SACRAMENTO – The California State Senate on Wednesday unanimously approved Senate Bill 333, a measure that requires a long-term, strategic plan to combat homelessness across the state, complete with specific goals and benchmarks.
“If California is serious about helping people get back on their feet and off the street, we have to be equally serious about ensuring homeless dollars are not wasted in the bureaucracy,” said 21st District Senator Scott Wilk, who authored the bill.
SB 333 stems from a report released last year by the California State Auditor who, at the request of Wilk and Assemblyman Tom Lackey, investigated California’s statewide efforts to solve the homelessness and found inadequacies.
In 2018, California had 134,000 residents without a home on any given night, according to data provided by the United States Department of Housing and Urban Development.

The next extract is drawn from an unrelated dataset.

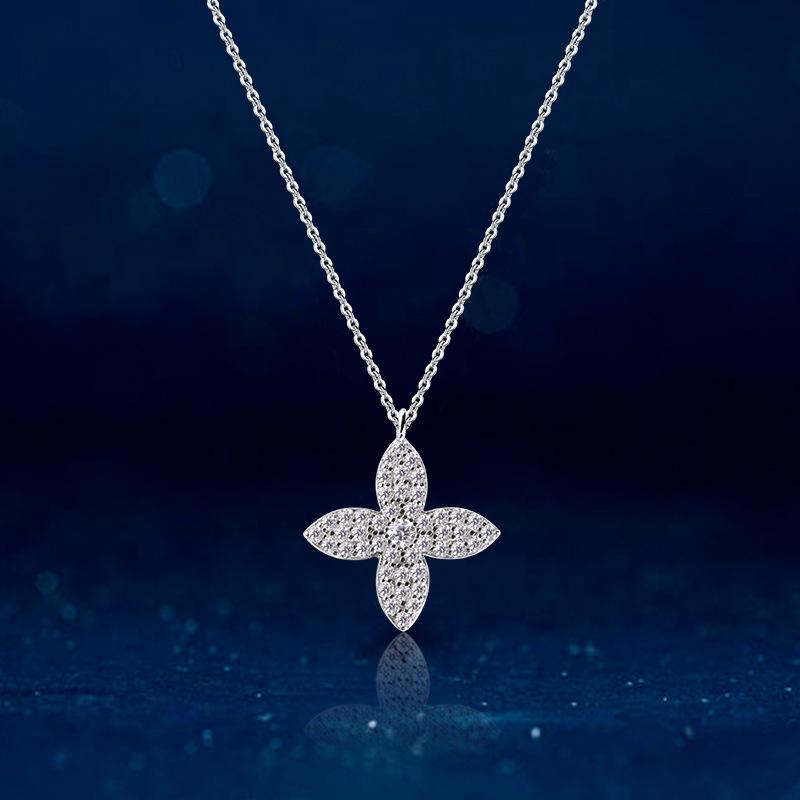 Collana Quadrifoglio con Diamanti Incastonati per Donna con Design di Nicchia Semplice e Versatile Catena Clavicola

“This bill will hold state government accountable in its effort to address homelessness and ensure that not a single cent from the taxpayer goes to waste,” Wilk said. “This crisis is just too big and too critical to do otherwise.”
SB 333, co-authored by Assemblyman Tom Lackey, addresses several recommendations from the State Auditor’s report. Specifically, the bill requires the Homeless Coordinating and Financing Council to develop and implement a statewide, strategic plan to address homelessness in California, including goals, objectives and timelines, plus metrics for measuring their achievements.
SB 333 will now go to the Assembly for consideration.